I was also invited to contribute to the group's anonymous peer-review tasks given by a number of leading academic journals.
2021: Network Assessment for Organisations
During winter 2021/2, I took up a post working with Professor Vecchi of the Cambridge Judge Business School to develop an internal social network assessment tool.
I took on this opportunity to further my personal research interest in Social Network Analysis.
The CJBS Network Assessment Tool was proposed to provide network analyses to professionals and organisations to help increase psychological wellbeing, productivity, and resource efficiencies.
2022: Vaccine Hesitancy in Twitter Social Networks
Invited by the Cambridge Social Decision-Making Lab, I 2nd-authored the paper "Social Media Behaviour is Associated with Vaccine Hesitancy", publised by PNAS Nexus.

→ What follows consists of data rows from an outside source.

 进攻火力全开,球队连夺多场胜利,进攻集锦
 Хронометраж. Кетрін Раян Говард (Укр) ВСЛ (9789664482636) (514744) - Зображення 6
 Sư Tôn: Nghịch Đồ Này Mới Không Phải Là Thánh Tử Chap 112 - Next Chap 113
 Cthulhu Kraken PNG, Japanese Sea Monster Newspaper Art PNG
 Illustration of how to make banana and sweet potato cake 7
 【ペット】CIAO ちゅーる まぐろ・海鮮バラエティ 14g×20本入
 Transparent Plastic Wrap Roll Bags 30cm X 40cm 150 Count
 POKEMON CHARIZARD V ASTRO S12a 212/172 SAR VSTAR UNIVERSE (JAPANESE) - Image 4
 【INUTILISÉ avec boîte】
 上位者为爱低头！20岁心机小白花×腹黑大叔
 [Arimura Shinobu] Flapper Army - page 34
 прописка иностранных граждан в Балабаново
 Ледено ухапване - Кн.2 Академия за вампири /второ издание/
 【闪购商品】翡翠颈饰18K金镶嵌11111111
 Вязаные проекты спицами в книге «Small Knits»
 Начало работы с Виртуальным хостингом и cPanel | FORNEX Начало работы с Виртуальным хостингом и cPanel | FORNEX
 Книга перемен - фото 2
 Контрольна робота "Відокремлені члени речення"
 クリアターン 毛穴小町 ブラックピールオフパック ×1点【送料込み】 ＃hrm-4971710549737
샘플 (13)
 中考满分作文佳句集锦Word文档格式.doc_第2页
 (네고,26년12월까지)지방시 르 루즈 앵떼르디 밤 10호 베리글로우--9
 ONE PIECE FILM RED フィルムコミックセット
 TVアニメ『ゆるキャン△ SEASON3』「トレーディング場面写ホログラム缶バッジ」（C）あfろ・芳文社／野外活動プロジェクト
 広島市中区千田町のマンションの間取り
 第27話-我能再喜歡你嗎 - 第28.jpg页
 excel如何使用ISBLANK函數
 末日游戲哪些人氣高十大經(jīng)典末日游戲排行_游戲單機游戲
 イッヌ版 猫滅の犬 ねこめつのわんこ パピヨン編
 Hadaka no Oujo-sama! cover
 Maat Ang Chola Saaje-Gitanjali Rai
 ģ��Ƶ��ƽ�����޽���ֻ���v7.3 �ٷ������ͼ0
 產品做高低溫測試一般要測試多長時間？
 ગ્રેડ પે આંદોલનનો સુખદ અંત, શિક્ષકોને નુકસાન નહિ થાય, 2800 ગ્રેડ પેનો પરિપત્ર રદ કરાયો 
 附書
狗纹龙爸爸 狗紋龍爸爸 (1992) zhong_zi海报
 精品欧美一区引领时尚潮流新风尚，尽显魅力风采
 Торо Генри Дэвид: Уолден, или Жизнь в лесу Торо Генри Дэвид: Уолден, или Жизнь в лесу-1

In this paper, I contributed to the online social network visualisation and analyses that revealed political and opinion polarisation in the US and the UK.
Main takeaway is that the US is clearly structurally polarised along politics, while it is not so clear in the UK.
You can read it here.
2022: The Power of Courageous National Culture
I completed my B.A. Dissertation co-supervised by Professor Rentfrow (Cantab), Professor Gvirtz (now KCL), and advised by Professor Götz (UBC).
We performed 20,000+ OLS predictive models on a large international dataset collected in collaboration with the TIME Magazine.
Main finding was that Courage can be used to distinctly measure national culture, and that a more courageous national culture has meaningful national outcomes such as innovation and terrorism.
The manuscript was presented at the 2022 Regional Cultural Differences Conference. Link coming soon.
2022: Adaptive Algorithm for Smart Experiments
My summer internship at the MRC Biostatistics Unit resulted in an algorithm for Smart Experiments:
Smarter A/B Tests that avoid churn from bad experiences, or adaptive clinical trials that save lives from potentially worse treatments.
What's cool about this algorithm is that it is only 10 lines of python code and can test multiple things at once.
We wrote it into a paper and it is now accepted by the 2023 Computing Conference; preprint available here.